Each car in front of me speeds out past the little tractor,
The farmer I have known my whole life.
My foot gets comfortably heavy on the brake,
A weight I need, today
Want, to slow me down on this winding Vermont road that
I know like a vein in my hand.
I breath, wondering when was the last time I really did.
Even the choking diesel smell that comes in dirty black puffs
Is a comfort, the same way my daddy’s chainsaw used to sing a lullaby.
I take in the faded red paint of that little tractor’s soul, and smile that it is almost pink.
That, juxtaposed against the old farmer, his hunched tired frame
Perched atop her sturdy seat.
This pace is good for him, has always been.
As the rest of the world moves on
To ever increasing efficiency of productivity,
I stay contentedly behind, my mind adrift.

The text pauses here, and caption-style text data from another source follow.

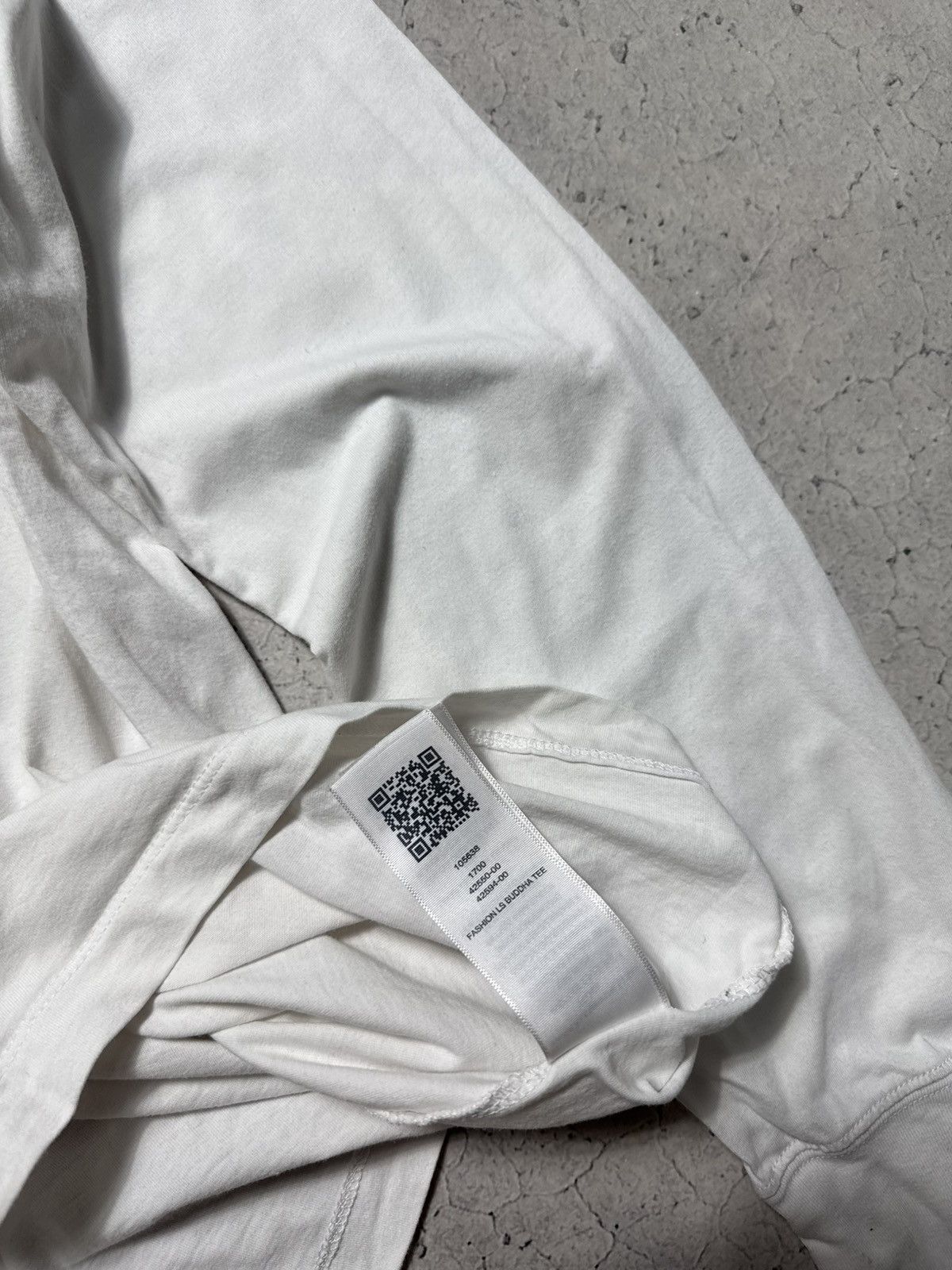True Religion True Religion Vintage Long Sleeve Shirt Big Logo White Size US L / EU 52-54 / 3 - 8 Thumbnail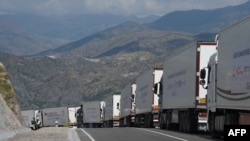 Грузовики с гуманитарной помощью на подъезде к Лачинскому коридору по пути в Нагорный Карабах, 30 августа 2023 года
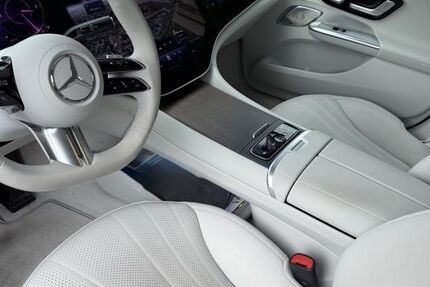 Mercedes-Benz EQE 37.500 km 64.900 &euro; Willich 47877
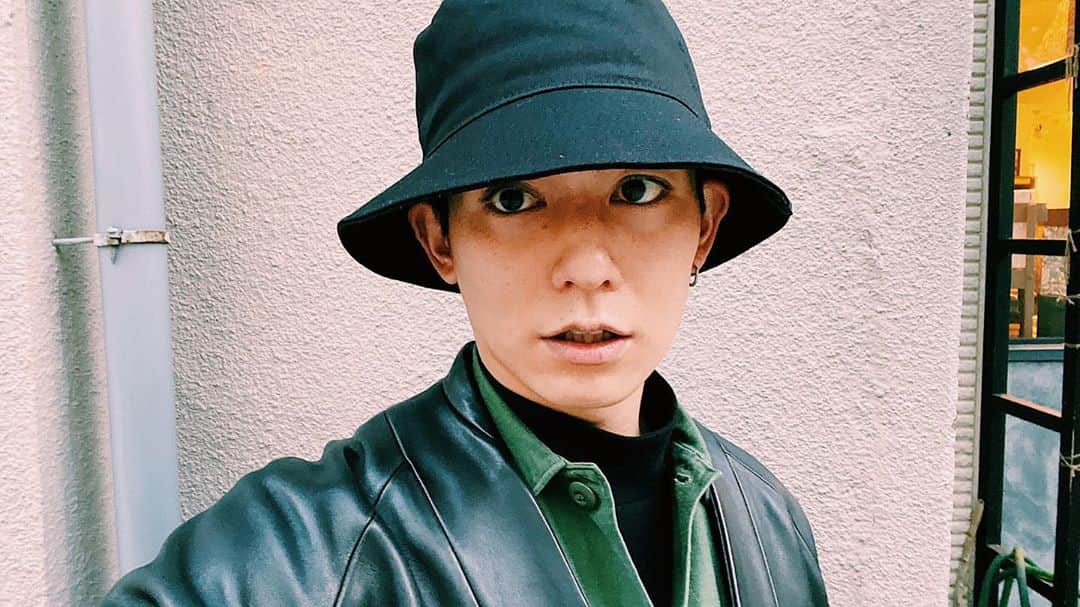 榊原徹士のインスタグラム：「New hat, bucket hat is my favorite. And This month, I'll do my English Class. Check my story and come on.  新しい帽子、普段メガネなんでそれに合うもの探してるところ。 今月の28日にはEZPZイングリッシュもあるのでストーリーからとんでね。  #selfie #vsco #new #hat #自撮り #盛れる #アプリ #募集中」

I wonder at the farmer’s life since his wife passed,
And I begin to weep.
Her memory crumbled
While the proud white clapboards of his old dairy barn splintered
And the stanchions within became dividers of junk
Instead of humble bovine necklaces.
Years ago his black and white herd
Along the rich flood waters of the West Branch dispersed
The sweet stench of manure spreading gone.
Just like the carefree days of searching for kittens
In the hay barn - his son and I.
Instead of suicide
The farmer took up truck driving.
It paid the bills, kept his land intact,
But did it feed his soul
Which before had been nourished by the dirt of the land,
And watered by the sweet rains before haying time?
Now he has retired.
Fences have been mended,
And a small herd of Angus has slowly trickled in.
A small plot has been tilled by the river bank, and I think I have seen
The slight upward curve of his lips return with the old satisfied twinkle in his eye.
Alone he has returned to the land.
But not entirely alone.
His children, too, have returned with their children,
The youngest grandbaby handed the name of his wife,
When they passed each other between this world and the next.
He knows of his fortune to have them, together,
To breath life back into this fertile cradle of our valley.
As my eyes overflow with the tears
I have not cried for an old farmer and his tractor,
For the persistence of his kind,
For the love of a place in the world,
And a slowness honored,
The tears I have not cried, for his grief,
And for my own grief that floods my soul,
I watch him wave at the other unknown drivers of working vehicles,
And I see my own dad’s thick hand reach up
In that eternal man’s covenant of an honest day’s work -
The flick of the wrist, fingers not outstretched
Like a woman’s eager wave, but curved over
Barely letting go of the wheel.
No, this is not really a wave,
More of a blue collar salute of acknowledgement
For the farmers and carpenters,
The men hauling heavy machines and moving lumber and rocks.
They needn’t know each other to offer this simple roadside greeting
They’ve done a thousand times before,
Only to know what it’s like to come home
Dead tired at the end of every day,
And still hope you’ve done enough
To feed your family.
Miles we’ve driven like this,
At half the speed limit,
And I know I am late for something
That used to be important.
But still, I am in no hurry.
I am sobbing now, my chest heaving, and ancient aching sounds
Expelled from my lungs
But I have not felt such comfort and such gratitude in a long time
For such a moment as this
Which brings me down,
Deep into my roots
In this simple great green valley home.